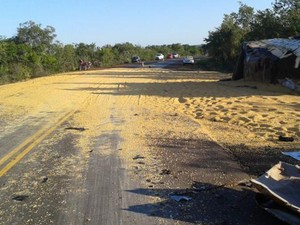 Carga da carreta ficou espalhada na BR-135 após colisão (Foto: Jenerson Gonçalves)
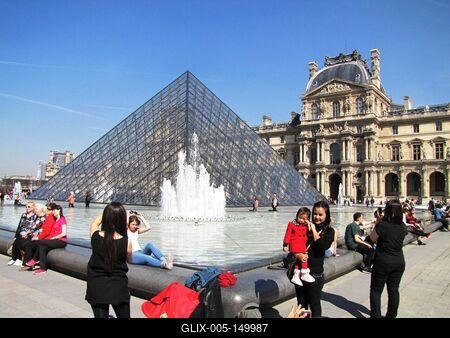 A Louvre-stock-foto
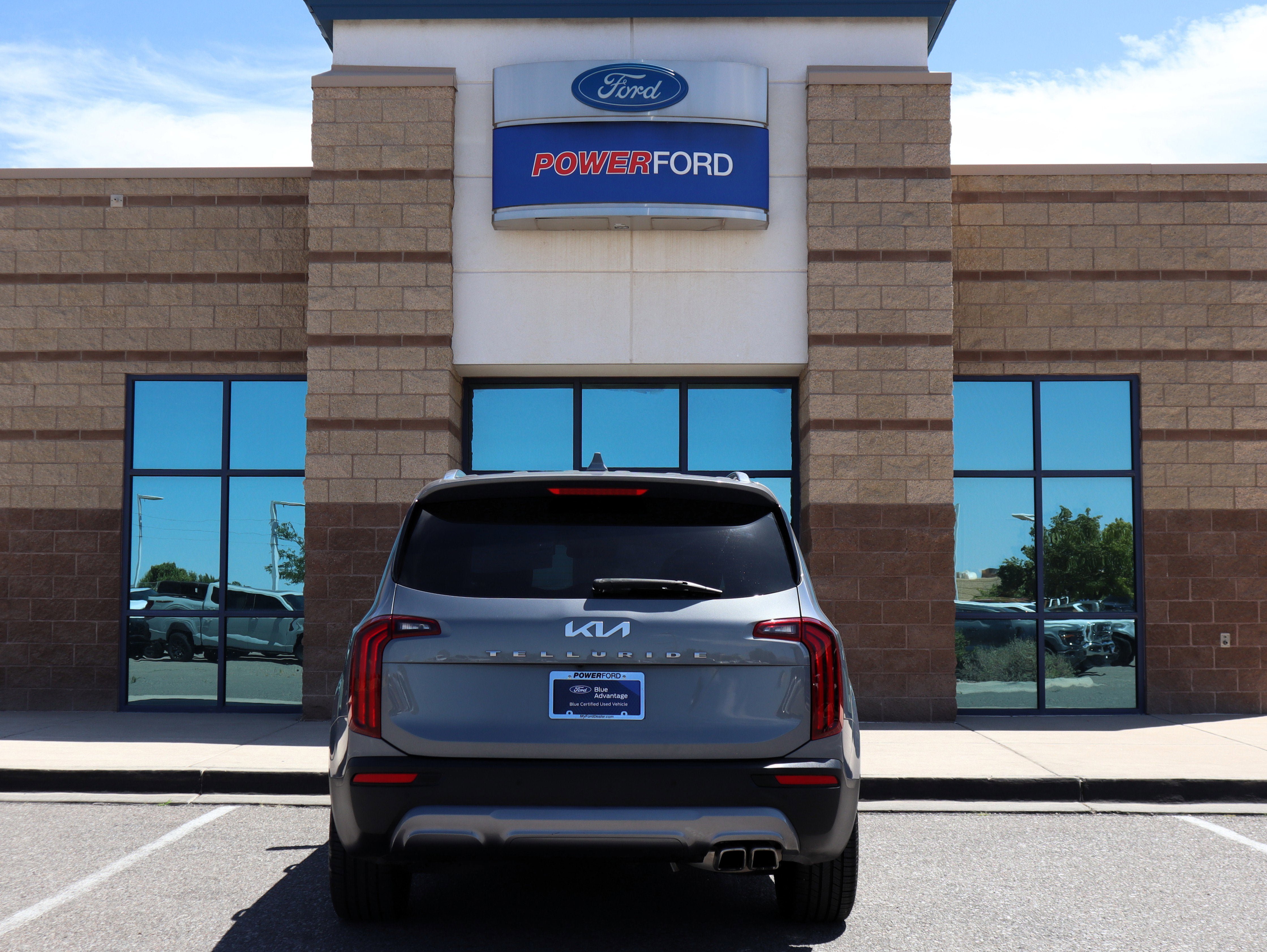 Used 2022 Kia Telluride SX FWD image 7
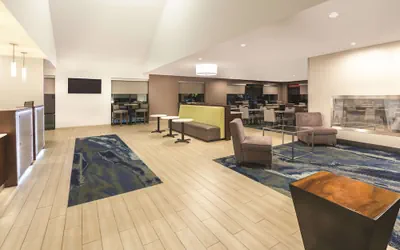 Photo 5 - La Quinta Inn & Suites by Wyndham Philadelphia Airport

==============================

• **TASK OBJECTIVE**
Write the lines above out again exactly, without any of their pictures.

• **ANSWER**
 Carga da carreta ficou espalhada na BR-135 após colisão (Foto: Jenerson Gonçalves)
 A Louvre-stock-foto
 Used 2022 Kia Telluride SX FWD image 7
 Photo 5 - La Quinta Inn & Suites by Wyndham Philadelphia Airport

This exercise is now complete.